Re: st: Longitudinal sampling (many waves)

From   Steve Samuels <[email protected]>
To   [email protected]
Subject   Re: st: Longitudinal sampling (many waves)
Date   Mon, 19 Mar 2012 16:33:42 -0400

Oops! 1 in 200 is likely not to pick anything in the auto data set.  Try 1 in 5 instead:
samplesys 5

In case there are few late-entrants to the panel, a simple random sample in each time period after initial enrollment might not feasible.   If that's so, order new entrants by strata (optionally) and entry date; then take a systematic sample. 

***************CODE BEGINS*******************
capture program drop _all

program define samplesys, rclass
/* Draw 1 in k systematic sample: syntax "samplesys k" */
syntax anything [if ] [in]
args k
marksample touse
confirm integer number `k'
tempname start
scalar `start' = ceil(`k'*runiform())
keep if mod(_n-`start',`k')==0 & `touse'
return scalar start = `start'

sysuse auto, clear
gen entry_date = price

sort foreign entry_date
set seed 833332
samplesys 200

***************CODE ENDS*******************


Laurie Molina:

You asked if there is a command for longitudinal sampling. Brendan's suggestion is valid. Randomly sample units who enter in the same time period and follow them for as long as they remain in the database.

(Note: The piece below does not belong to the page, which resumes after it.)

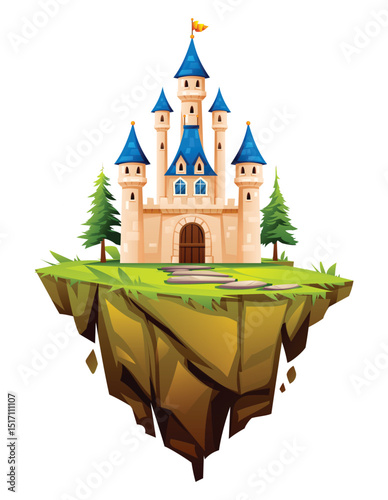 Castle with blue rooftops on a grassy floating island with stone path. Vector cartoon illustration
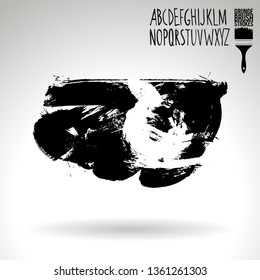 Black brush stroke and handwritten alphabet. Grunge vector abstract hand - painted element. Underline and border design.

There will be no distinction between the sample in T+10 and the one in T+11.

Sample with fixed probability of 1 in k to assure equal weights for the cross-sectional analyses.  Start  a dataset containing for each individual their study ID and entry month. To take, e.g., a 1 in 200 sample:

set seed [YOUR CHOICE]
sample 0.5 , by(entry_period) 

You can add important strata to the by() clause.

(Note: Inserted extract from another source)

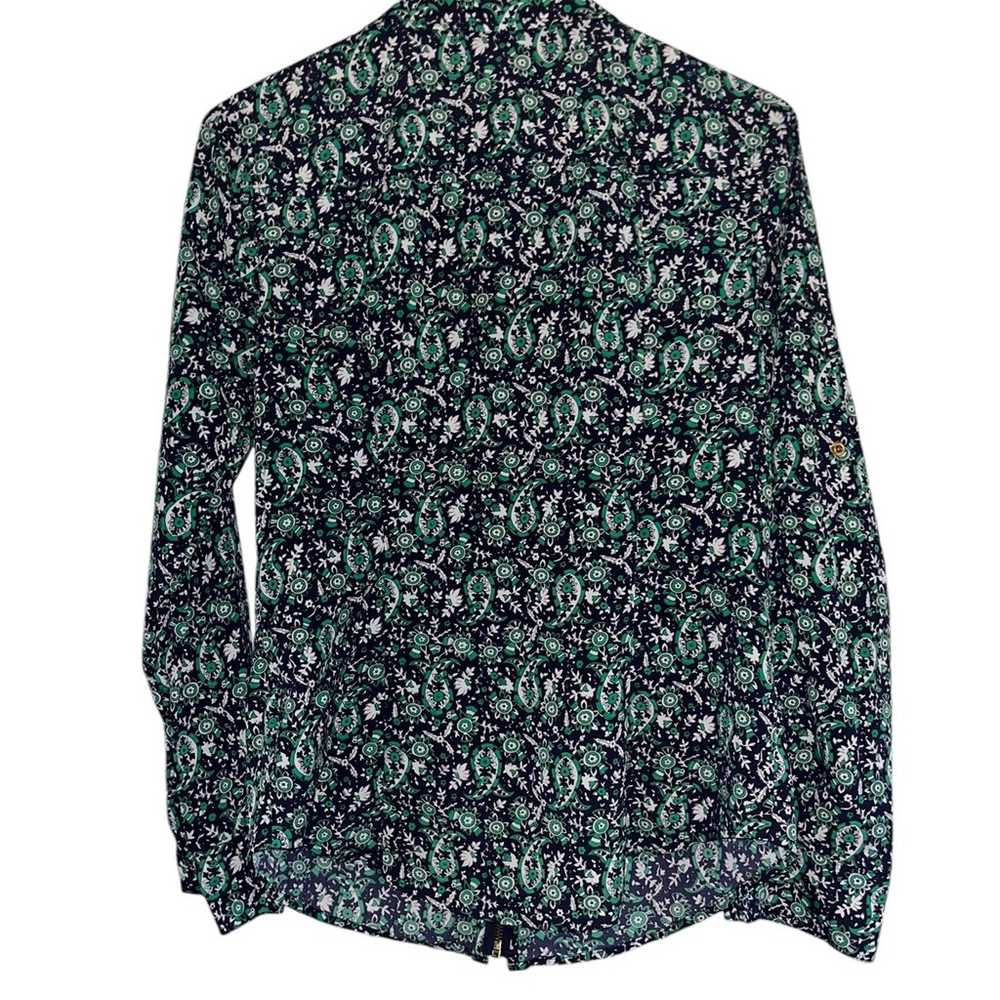 Michael Kors Green Paisley zip Blouse with lock - image 2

For longitudinal analyses, no simple sampling plan will compensate for attrition.  You would have to take in each period a new sample of continuing units who "resemble" those lost in the period with respect to entry date and other characteristics.  Re-weighting the continuing sample members is preferable, I think; propensity score and weighting class approaches are both popular.

[email protected]


This is essentially the same question that you posted on February 22. You've either missed or ignored Brendan Halpin's excellent response at

[email protected]

On Mar 15, 2012, at 1:12 PM, Laurie Molina wrote:

Hi guys,
I was wondering if stata has any command for longitudinal sampling.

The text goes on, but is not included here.